The bylaw draft of trading automation has proposed to formalize the BT in Nepali stock market as well. So far though BT is allowed to trade in the secondary market they are not recognized as regular shares. As a result BT holders were deprived of using their shares to take loan from BFIs. Once the proposed trading bylaw will come into action, BT holders will be allowed to take loan against their share certificates. However, BT will not have place after the Central Depository System (CDS) comes into full-fledged operation. 
 
End Note 
In order to maintain fair and steady growth in capital markets, regulatory policies should be directed by reasonable and thoughtful methods. Therefore, the operator and regulator of capital markets should be equipped with well developed methods and best practiced tools of capital market regulation. This is essential to identify inconsistencies in the actual characteristics of capital markets and to correct the deviations, if any, to serve as the foundation for economic growth.
 
Who Are Securities Dealer? 
Securities dealers include individuals or firms that specialize in security market transactions and assist firms in issuing new securities through the underwriting and market placement of new security issues, and trade in new or outstanding securities on their own account. Only underwriters and dealers that act as financial intermediaries are classified within this category.
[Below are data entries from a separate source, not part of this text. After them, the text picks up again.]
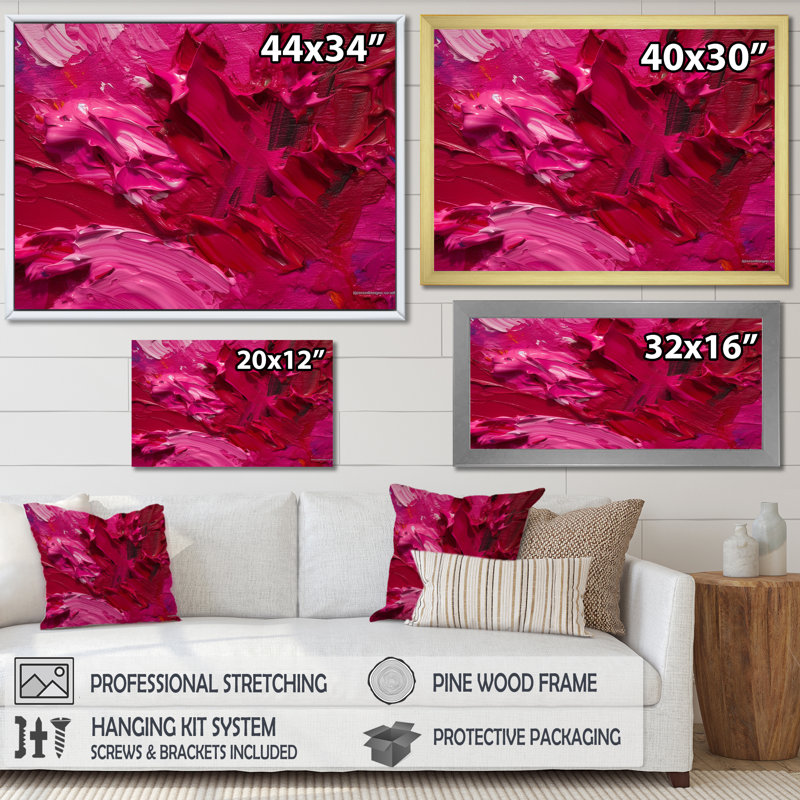 Viva Magenta Bliss Wildness - Décoration murale peinture abstraite, H 16 po x l 32 po x P 1 po, Cadre flottant blanc
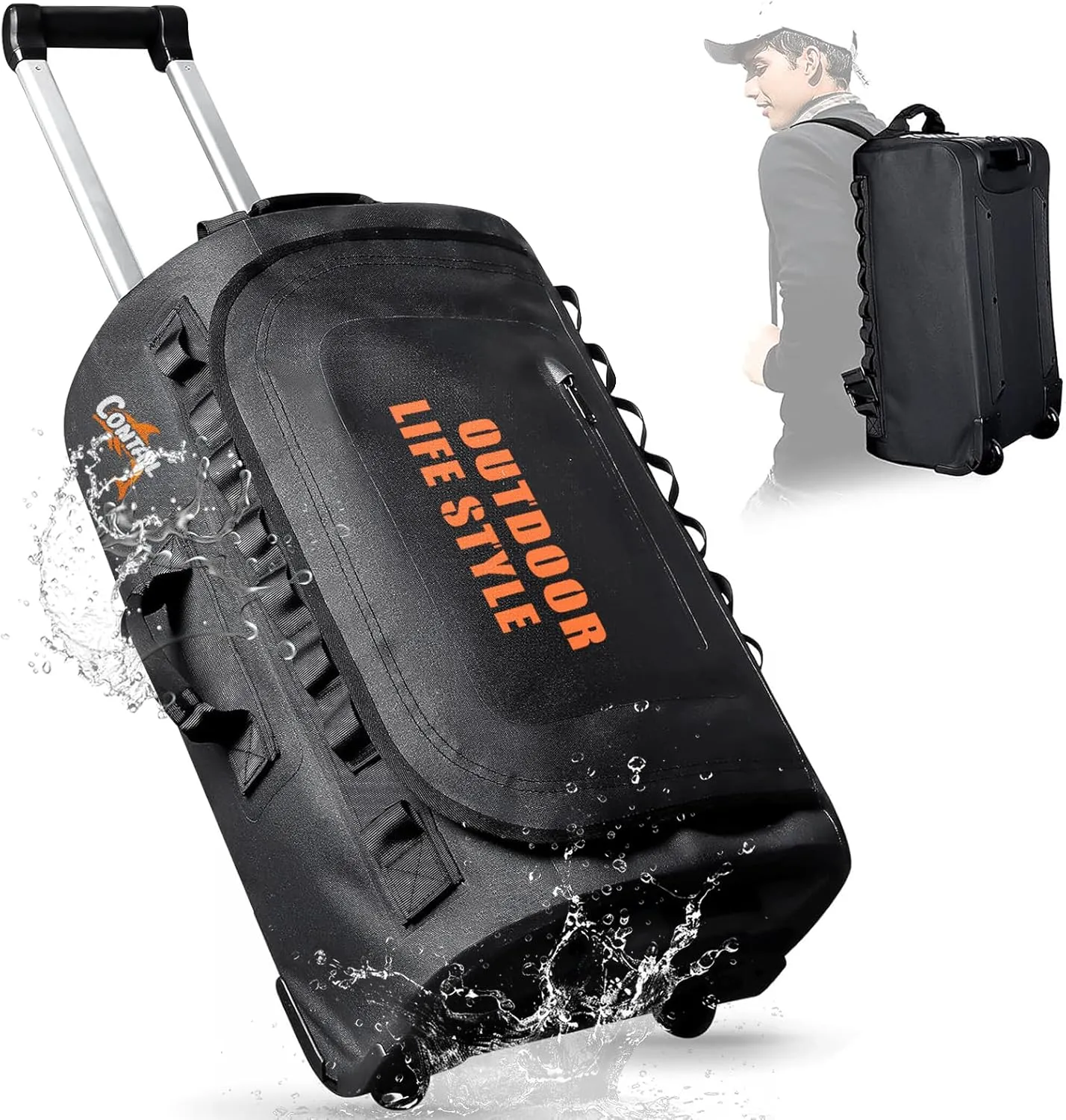 CONTAIL 48L Wheeled Dive Bag with Telescopic Double-Bar Tow Handle,Carry Handles and Detachable Backpack Straps for Scuba Diving Gear,Black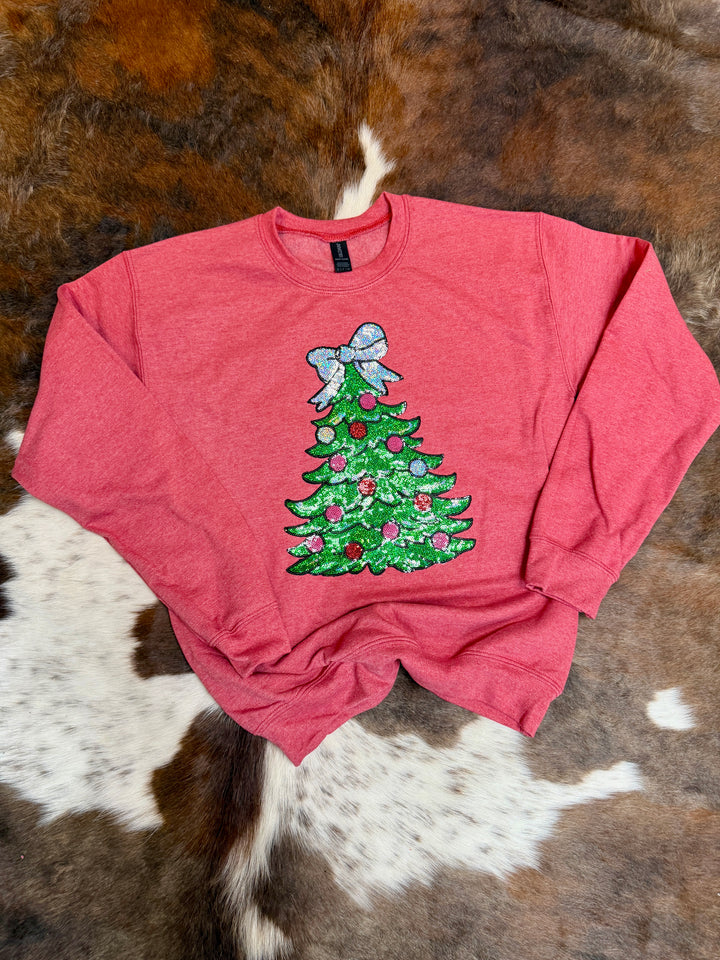 Red Tree Sequin Patch Sweatshirt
Security brokers and other units that arrange trades between security buyers and sellers but do not purchase and hold securities on their own account do not fall under the category of securities dealer. By their nature, securities dealers facilitate both primary and secondary market activity in securities. In particular, these institutions can help to provide liquidity to markets, both by encouraging borrower and investor activity, not least through the provision of information on market conditions and through their own trading activity.